Chanel and What Goes Around Comes Around Trial Takes an Unexpected Turn

The court battle between Chanel and What Goes Around Comes Around in New York federal court took an unexpected turn Wednesday, when the presiding judge dismissed two claims from his summary judgment ruling earlier this year.

Chanel first filed a lawsuit against the New York-based resale company in March 2018, alleging that there appeared to be an affiliation between the two fashion resources that did not exist and that Chanel had authenticated the pre-owned items sold at WGACA. The years-long dispute finally went to trial in a New York federal court a few weeks ago with both sides disputing trademark infringement, false advertising, claims of counterfeit goods and other issues.

After WGACA’s cofounder Seth Weisser wrapped up his testimony and his legal team declined to cross examine him, the plaintiff’s legal team rested their evidence. Following the jury’s dismissal for the day, an attorney for WGACA, Daniel DeCarlo, a partner at Lewis Brisbois, asked Justice Lewis Stanton to dismiss two components from his summer pre-trial summary judgment. The first was that the court had ruled that 11 of the items that bore the serial numbers that were among the ones that had been stolen from a Milan factory were as a matter of law infringing because they had not gone through Chanel’s quality control process. The second was related to 779 items that Chanel’s testimony stated were not given away or sold, and subsequently constituted infringing.  

After nearly an hour of debate between the two sides, Stanton determined that decisions on all of those motions are reserved, and the statements in the summary judgment motion are suspended and to be either vacated or affirmed by the outcome of the jury trial.

DeCarlo argued that the allegations of WGACA having sold counterfeit goods was disproven in the court, after Chanel’s executive operations director Joseph Bravo recounted his prior testimony that had falsely claimed that a zipper on a Chanel handbag imprinted with the zipper manufacturer’s name Lampo was not genuine.
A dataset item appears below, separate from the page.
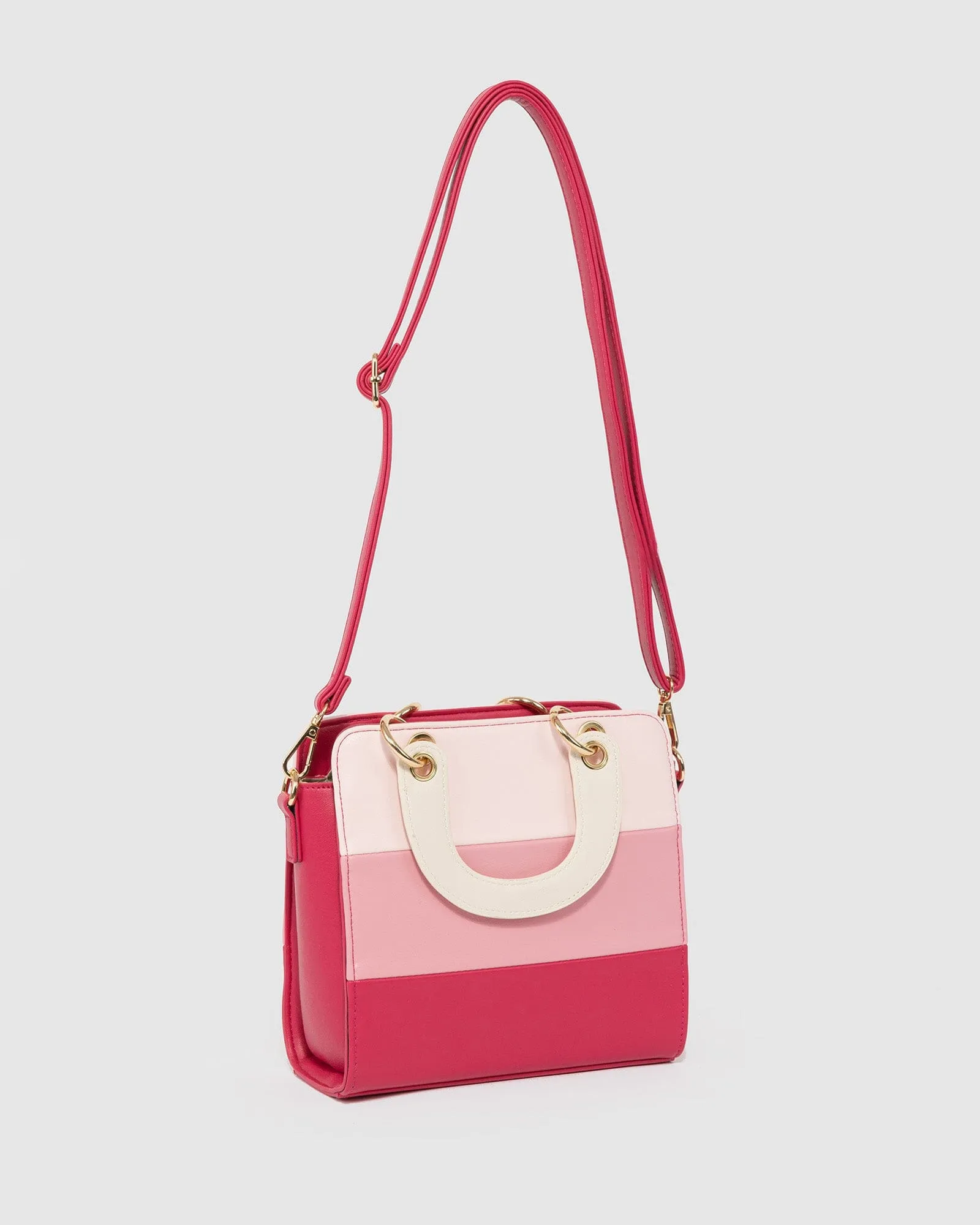 Multi Colour Ella Panel Mini Tote Bag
DeCarlo suggested that there was no proof that the handbag had not gone through Chanel’s quality control process, which one of Chanel’s attorneys disputed multiple times in response.
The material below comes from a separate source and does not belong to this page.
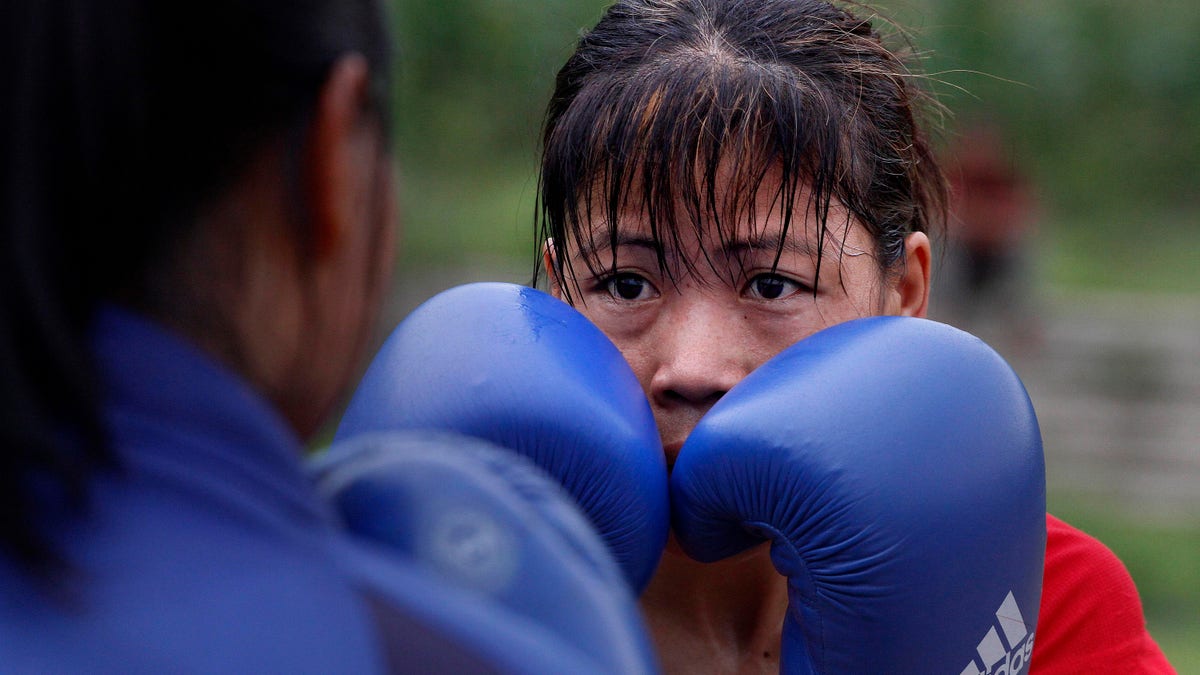 India Shot Olympics Boxing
The WGACA legal team also challenged Chanel’s suggestion that 779 (non-fashion) items that it sold such as mirrors, tissue boxes and trays were items that are never given away or sold, and constituted infringement. Chanel’s lawyers repeatedly said that those items had not been authenticated for sale.
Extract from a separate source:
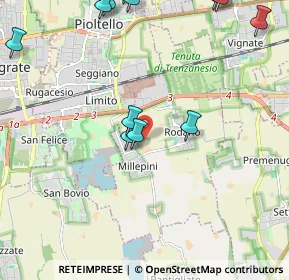 Mappa 20053 Rodano MI, Italia (2.97067)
DeCarlo also argued that the proceedings had proven that 11 Chanel handbags that carried serial numbers that were among the 30,000 serial numbers that had been stolen from the Corti Renato factory in Milan in 2012, and were later sold by WGACA, were in fact made in the Renato factory. Chanel’s legal team that is being led by Sheppard Mullin partner Theodore Max countered there was no evidence that those goods had ever been sold by Chanel or had come from a Chanel factory.

Both sides clashed multiple times during Wednesday’s proceedings over the nexus of the trial, with Chanel’s lawyers emphasizing the trial was about serial numbers and the WGACA’s attorney and cofounder Seth insisting it was about bags being genuine or real.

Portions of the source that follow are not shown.